Fujiyama is invested with legends, which these pilgrims unquestioningly accept. It is said to have risen up in a single night two thousand years ago, when a great depression appeared to the southward, which the waters of Lake Biwa immediately filled. For a thousand years pilgrims have toiled up the weary path to pray at the highest shrine and to supplicate the sun at dawn. Fuji-san, the goddess of the mountain, hated, it is said, her own sex, and stories of devils, who seize women and fly off into the air with them, still deter all but the most emancipated Japanese women from making the ascent. It was after Fuji-san had quarrelled with all the other gods that she set up this lofty mountain of her own, where she might live alone and in peace. No horse’s foot is allowed to fall on the steep approaches to her cloudy throne, and even the sand and cinders are so sacred, that whatever dust is carried down on the pilgrims’ feet by day is miraculously returned by night. Even to dream of the peerless mountain is a promise of good-fortune, and Fuji, with the circling storks and the ascending dragon, symbolizes success in life and triumph over obstacles.

Until the year 1500, Fuji wore a perpetual smoke-wreath, and every century saw a great eruption. The last, in 1707, continued for a month, and threw out the loose cinders, ashes, and lumps of baked red clay that still cover the mountain.
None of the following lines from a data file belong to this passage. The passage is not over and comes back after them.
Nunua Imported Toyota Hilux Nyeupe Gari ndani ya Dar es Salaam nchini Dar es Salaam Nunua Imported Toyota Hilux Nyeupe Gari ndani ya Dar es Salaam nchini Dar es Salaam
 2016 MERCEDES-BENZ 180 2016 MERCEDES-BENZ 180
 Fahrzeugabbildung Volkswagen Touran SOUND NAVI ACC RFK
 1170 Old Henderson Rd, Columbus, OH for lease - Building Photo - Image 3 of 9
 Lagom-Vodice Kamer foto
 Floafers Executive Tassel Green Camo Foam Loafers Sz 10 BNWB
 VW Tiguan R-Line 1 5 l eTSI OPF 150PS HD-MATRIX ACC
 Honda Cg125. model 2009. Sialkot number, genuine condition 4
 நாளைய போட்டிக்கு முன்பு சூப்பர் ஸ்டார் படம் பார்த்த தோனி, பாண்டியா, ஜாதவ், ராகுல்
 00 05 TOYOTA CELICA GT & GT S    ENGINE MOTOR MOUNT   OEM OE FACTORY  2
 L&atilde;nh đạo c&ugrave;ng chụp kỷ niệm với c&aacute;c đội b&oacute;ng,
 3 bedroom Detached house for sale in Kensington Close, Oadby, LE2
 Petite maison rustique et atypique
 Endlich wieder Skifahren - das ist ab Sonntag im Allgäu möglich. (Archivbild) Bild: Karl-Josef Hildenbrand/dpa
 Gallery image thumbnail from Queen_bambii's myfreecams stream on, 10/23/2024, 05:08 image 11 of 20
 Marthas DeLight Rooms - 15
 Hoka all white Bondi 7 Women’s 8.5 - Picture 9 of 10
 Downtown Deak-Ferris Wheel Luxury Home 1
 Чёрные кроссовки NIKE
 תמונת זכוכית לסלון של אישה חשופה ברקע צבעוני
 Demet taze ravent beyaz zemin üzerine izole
Ashes were carried fifty miles, damming a river in their path, covering the plain at its base six feet deep with cinders, and forming an excrescence on the north side, which still mars the perfect symmetry of the cone.

Umagayeshi, or Turn Back Horse, is four thousand feet above the sea, and the other eight thousand feet are surmounted in a distance of fifteen miles. We desired to reach Station Eight by four o’clock; either to sleep there until three o’clock the next morning, or to push on to the tenth and last station, rest there, and see the sun rise, from the door-way of that summit rest-house. Our two Colorado mountaineers had faced the slope like chamois, and were leaping the rocks walling the first station, before the female contingent had left the torii. Of the fifteen coolies accompanying us, three were assigned to each woman, with orders to take her to the top if they had to carry her pickaback. After an established Fuji fashion, one coolie went first with a rope fastened around the climber's waist, while another pushed her forward. Aided still further by tall bamboo staffs, we were literally hauled and boosted up the mountain, with only the personal responsibility of lifting our feet out of the ashes.

For the first three or four miles, the path led through a dense, green bower, carpeted with vines, and starred with wild flowers and great patches of wild strawberries. Scaling moss-covered log steps, we passed through temples with gohei, or prayer papers, hanging from the gates and doors, and bare Shinto altars within. At one shrine, the sound of our approaching footsteps was the signal for blasts from a conch-shell horn and thumps on the hanging drum, and the priests, in their purple and white gowns and black pasteboard hats, gave us a cheerful welcome, and many cups of hot barley-tea. At our request, they stamped our clothing with big red characters, the sacred seal or crest of that holy station, and sold us the regulation pilgrim’s staff, branded with the temple mark. The old priest, to dazzle us with his acquirements, and to show his familiarity with foreign customs, glibly placed the price of the alpenstock at “Sen tents.”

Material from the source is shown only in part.